There are several libraries in python including RLLib, pybrain,... that can be used to code reinforcement learning approaches. When Starting, a good approach is to consider the Gym toolkit from openAI. Gym is compatible with both Theano and TensorFlow and contains a collection of examples that can be used to illustrate most of the reinforcement learning frameworks. Install gym with "pip install gym" (you may need !pip install cmake 'gym[atari]') or use

"git clone https://github.com/openai/gym"

"cd gym"

"pip install -e ."

if you prefer to clone the git repository.

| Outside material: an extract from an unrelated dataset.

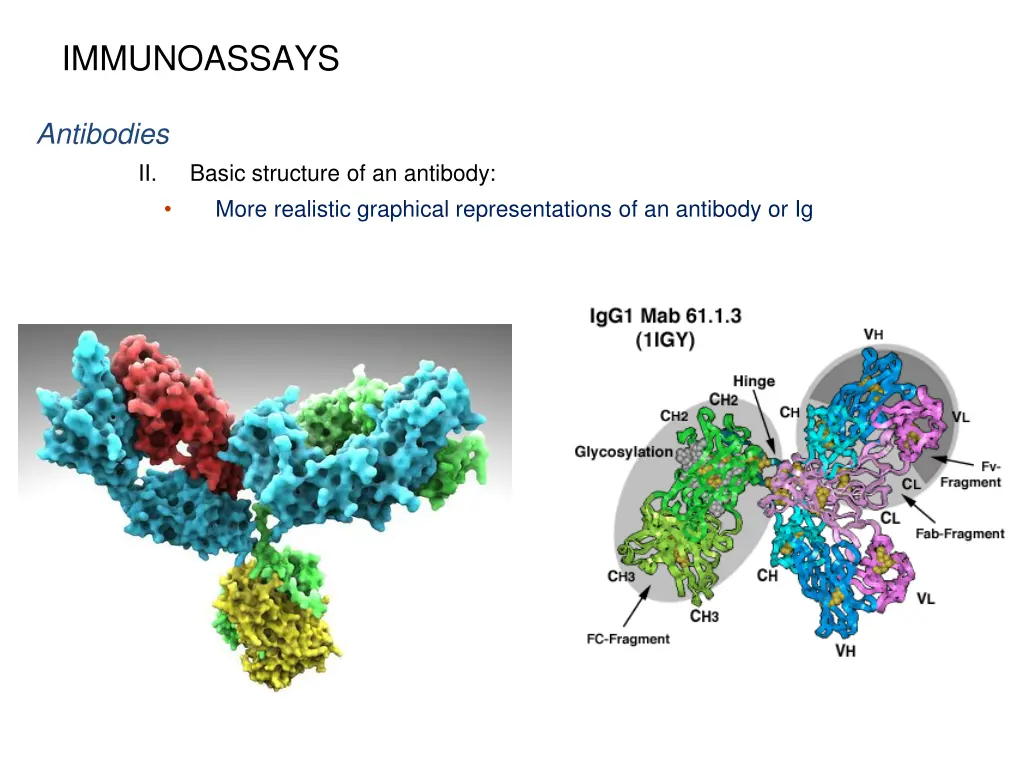 immunoassays 3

(based on the learndatasci tutorials)

As a starting point, we will consider the self driving cab example. Use the lines below to display the map for this particular example. The objective in this exercise is to train the cab through RL in order to (1) Drop off the passenger at the right location (2) save as much time as possible by taking the shortest path from the pick up to the drop off location and (3) respect traffic rules.

The cab is represented by the yellow rectangle. It is free to move on a 5x 5 grid and its spatial state can thus be described by a dimension 25 vector.

Wherever it is, the cab has four possible destinations, the four positions 'R', 'Y' 'G' and 'B'.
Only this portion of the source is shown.